The UK, together with Germany and the Netherlands, is already one of the preferred jurisdictions for competition-related claims. Now, with the Consumer Rights Act, the UK is blazing the trail, ahead of its EU partners, by introducing for the first time the possibility of ‘opt-out’ collective proceedings in the UK courts, or before the Competition Appeal Tribunal.

An opt-out collective action can be brought by a representative of victims of anti-competitive behaviour (not necessarily someone who has actually suffered loss or damage) on behalf of all possible victims within the UK. Although victims can opt-out of the proceedings (if, for example, they wish to bring their own claims), they do not need to take any part in the proceedings at all in order to benefit from them. Victims outside the UK can also opt-in if they wish to join. A total award of damages can then be made to all victims without having to undertake an assessment of each victim’s claim.

This is similar (but with some important differences) to class actions in the US, and has understandably given rise to fears of US-style litigation crossing the Atlantic and taking root.

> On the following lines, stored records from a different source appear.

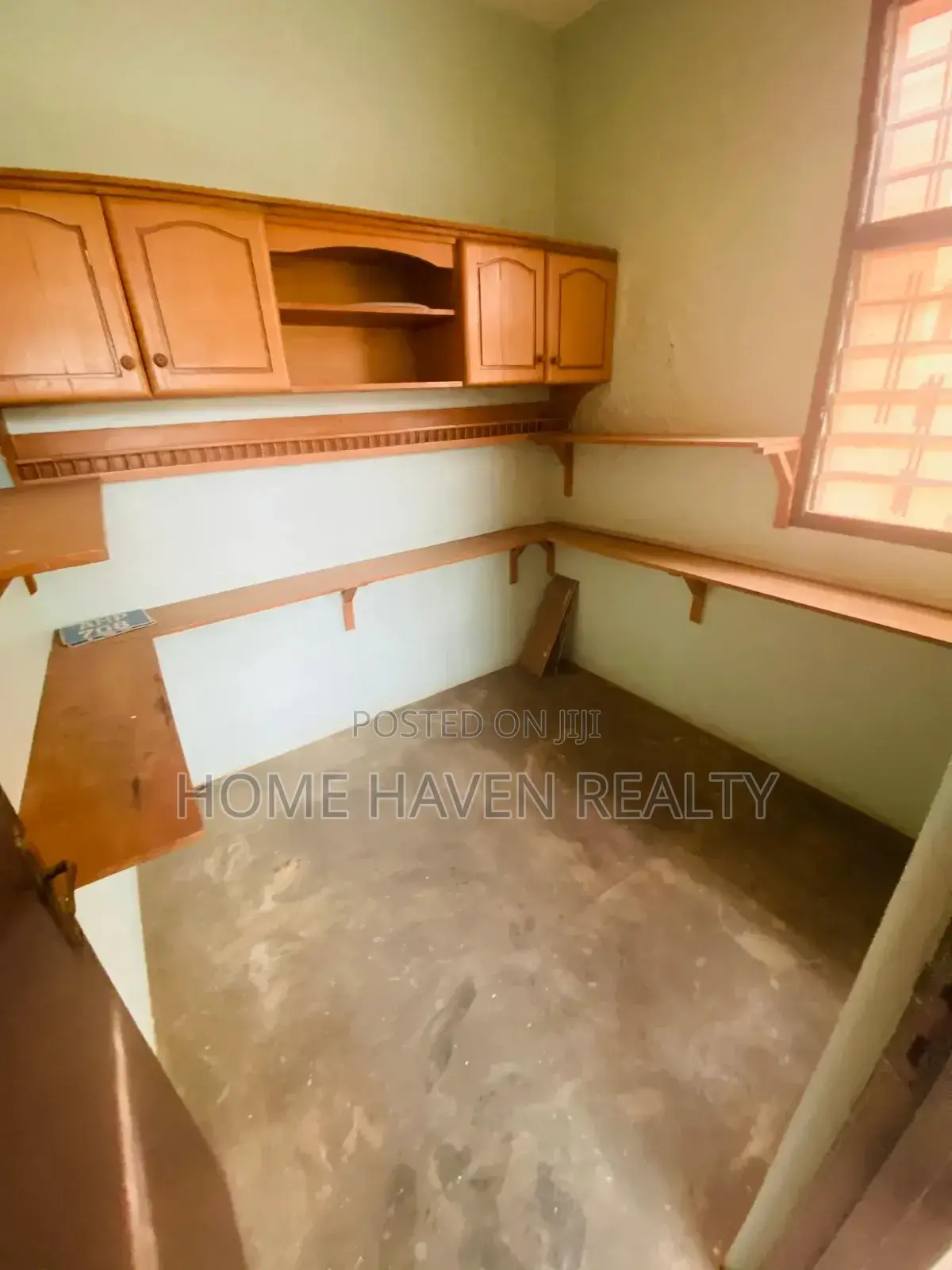 6bdrm House in North Legon for sale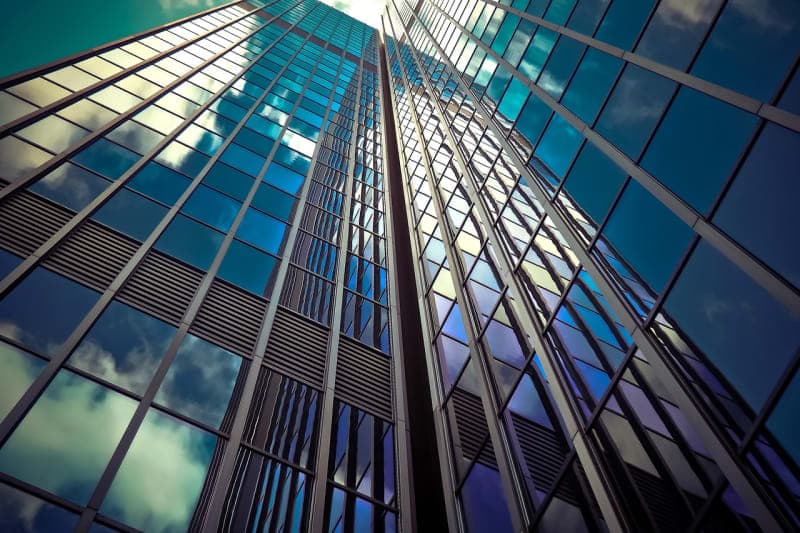 المستشفيات الألمانية ستُعاد هيكلتها ضمن مستويات جودة جديدة german hospital building exterior modern architecture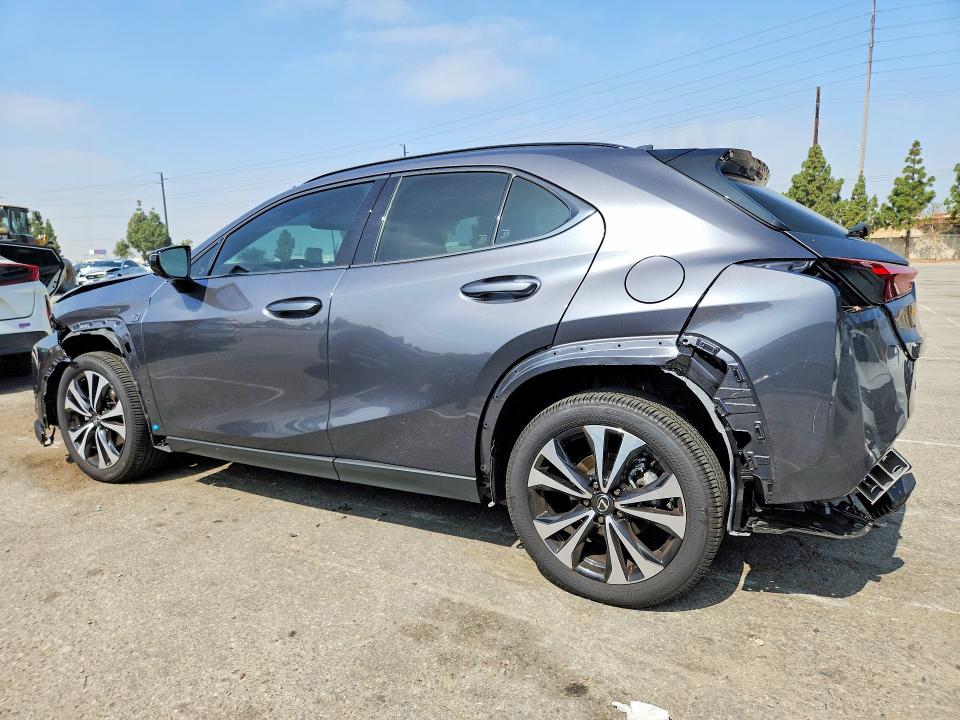 2026 Lexus Ux 300h მანქანა იყიდება აუქციონზე, vin: JTHUCJDH4T2015994, აუქციონის ნომერი: 58963576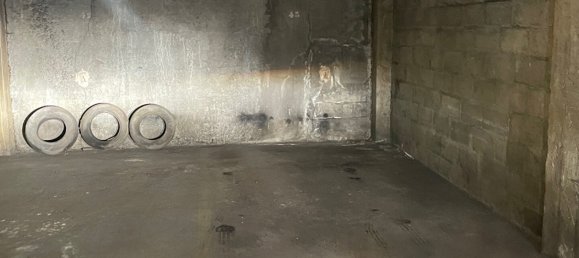  Parking in Paris, France No. 176017 5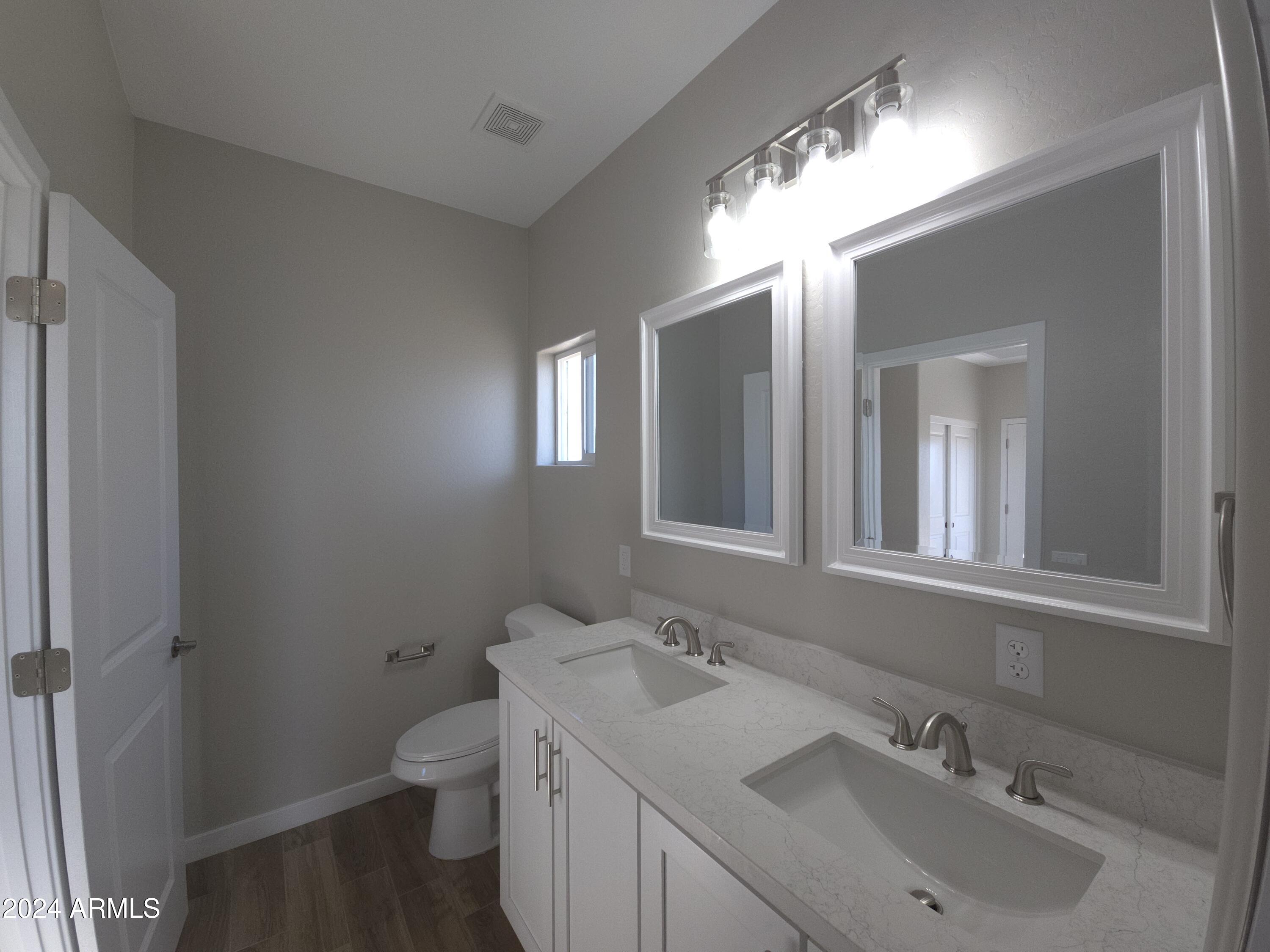 26293 W Desert Crest Street Property Photo 15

The new regime gives real opportunities for litigation funders and hedge funds who invest in litigation. The total damages award for all potential victims of anti-competitive behaviour could be very significant indeed. The funders themselves, or special litigation vehicles established for the purpose, could act as representative persons in an opt-out collective action in return for a cut of the proceeds. They might have (unlike the European and national competition authorities) the resources, the time and the incentives to investigate and pursue anti-competitive behaviour where profits might be made. Given the broad scope of what might amount to anti-competitive behaviour, companies in any sector whose ultimate customers are consumers and who are making healthy profits may need to watch out.

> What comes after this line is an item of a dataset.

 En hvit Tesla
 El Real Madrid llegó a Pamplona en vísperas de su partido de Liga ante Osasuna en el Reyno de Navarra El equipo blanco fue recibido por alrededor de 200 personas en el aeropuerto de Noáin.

Perhaps it’s not surprising that recent surveys of corporate counsel have therefore listed antitrust and competition claims as among the claims they expect to be most likely to have to face in 2016. Although the masses are perhaps not yet galloping, they are at least assembling their forces on the horizon and getting ready to attack. And will this change if Britain votes to leave the EU in June? Probably not, but that’s a topic for a whole new article.